Decision What we chose Why it wasn't obvious
Server-verified curriculum Episode outcomes stored server-side; client history is cold-start fallback only Client-provided history is trivially fakeable β€” a training loop can claim any performance. Server records are authoritative
Real negative oversight penalty False positives score βˆ’0.25, not clamped to zero Without true negatives, flagging everything is the dominant strategy. The penalty makes oversight a real training objective
Discounted accumulated reward Multi-step episodes accumulate Ξ³=0.9 discounted per-step rewards Terminal-only reward gives identical signal to correct and shortcut sequences when the terminal decision matches
Two independent reward functions env_reward_fn + format_reward_fn run separately and summed by TRL A single combined signal hides which failure mode caused a low score; separate signals let format and reasoning improve independently
Seeded RNG, no static dataset Every episode generated at call time from seed Static datasets allow memorisation. Seeded RNG gives reproducibility for debugging without sacrificing distribution coverage
beta=0.1 KL penalty Added after Run 2 entropy collapse GRPO without KL penalty allows the policy to drift arbitrarily far from the reference β€” entropy collapse is the symptom

Run Your Own Training

The environment is public and always live. No credentials needed.

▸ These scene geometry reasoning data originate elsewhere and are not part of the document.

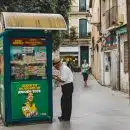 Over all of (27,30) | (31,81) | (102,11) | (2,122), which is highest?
(102,11)

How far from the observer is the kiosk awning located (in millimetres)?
12719

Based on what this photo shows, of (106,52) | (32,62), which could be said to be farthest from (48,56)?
(106,52)

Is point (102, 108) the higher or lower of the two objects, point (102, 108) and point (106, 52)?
the lower

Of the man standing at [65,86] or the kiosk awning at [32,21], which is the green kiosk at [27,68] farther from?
the man standing at [65,86]

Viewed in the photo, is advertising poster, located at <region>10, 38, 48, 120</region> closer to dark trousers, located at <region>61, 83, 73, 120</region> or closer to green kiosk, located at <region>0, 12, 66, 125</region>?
green kiosk, located at <region>0, 12, 66, 125</region>

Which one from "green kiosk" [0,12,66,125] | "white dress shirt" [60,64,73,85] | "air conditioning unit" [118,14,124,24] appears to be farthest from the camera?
"air conditioning unit" [118,14,124,24]

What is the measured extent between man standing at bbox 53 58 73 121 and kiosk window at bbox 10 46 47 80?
1.99ft

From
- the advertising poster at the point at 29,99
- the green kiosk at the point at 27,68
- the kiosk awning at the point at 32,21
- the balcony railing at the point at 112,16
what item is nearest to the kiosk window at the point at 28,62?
the green kiosk at the point at 27,68

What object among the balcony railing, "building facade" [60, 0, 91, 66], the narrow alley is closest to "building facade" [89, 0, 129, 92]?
the balcony railing

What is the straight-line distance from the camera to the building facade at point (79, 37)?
7150 cm

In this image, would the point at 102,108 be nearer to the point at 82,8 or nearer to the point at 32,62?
the point at 32,62

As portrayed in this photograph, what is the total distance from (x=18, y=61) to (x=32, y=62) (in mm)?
372

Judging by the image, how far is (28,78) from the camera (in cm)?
1348

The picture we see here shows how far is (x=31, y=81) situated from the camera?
13.5 metres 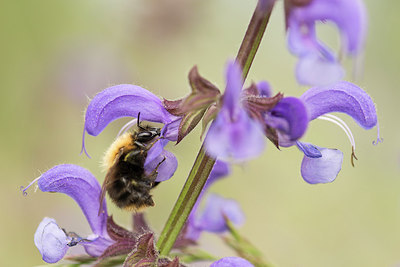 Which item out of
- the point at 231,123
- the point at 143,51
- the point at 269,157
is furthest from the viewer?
the point at 269,157

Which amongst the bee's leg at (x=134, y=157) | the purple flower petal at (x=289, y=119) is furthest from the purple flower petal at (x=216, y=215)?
the purple flower petal at (x=289, y=119)

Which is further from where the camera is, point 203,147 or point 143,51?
point 143,51

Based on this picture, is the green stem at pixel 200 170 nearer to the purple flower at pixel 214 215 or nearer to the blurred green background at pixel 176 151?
the purple flower at pixel 214 215

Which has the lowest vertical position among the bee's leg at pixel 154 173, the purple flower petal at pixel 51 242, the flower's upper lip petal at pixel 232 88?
the purple flower petal at pixel 51 242

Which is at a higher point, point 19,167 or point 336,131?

Option 1 β€” HF Training Space (no setup, recommended):

  1. Open Pathikreet/ap-commander-training
  2. Click Duplicate this Space β†’ add HF_TOKEN in Settings only if using gated models (Qwen2.5 is public β€” skip this)
  3. Click Start Training β€” connects to the live environment automatically

Option 2 β€” Colab (T4 GPU):

Open training/colab_training.ipynb. Connects to the live environment over HTTP, runs the full GRPO loop, saves results and LoRA adapter locally or to Google Drive.

Option 3 β€” Local:

git clone https://github.com/Vayuputra2401/RL-Agent
pip install trl>=0.15.0 peft transformers bitsandbytes accelerate requests datasets
MODEL_NAME=Qwen/Qwen2.5-1.5B-Instruct NUM_EPOCHS=3 python training/train.py

All results save to timestamped folders under runs/ β€” re-running never overwrites a previous run.


Links


The model started at 0.486 β€” unable to query a vendor before rejecting, unable to trace a duplicate chain, defaulting to one-shot decisions on tasks that require investigation. Four runs later it sits at 0.803 and is still climbing. The reward signal is working.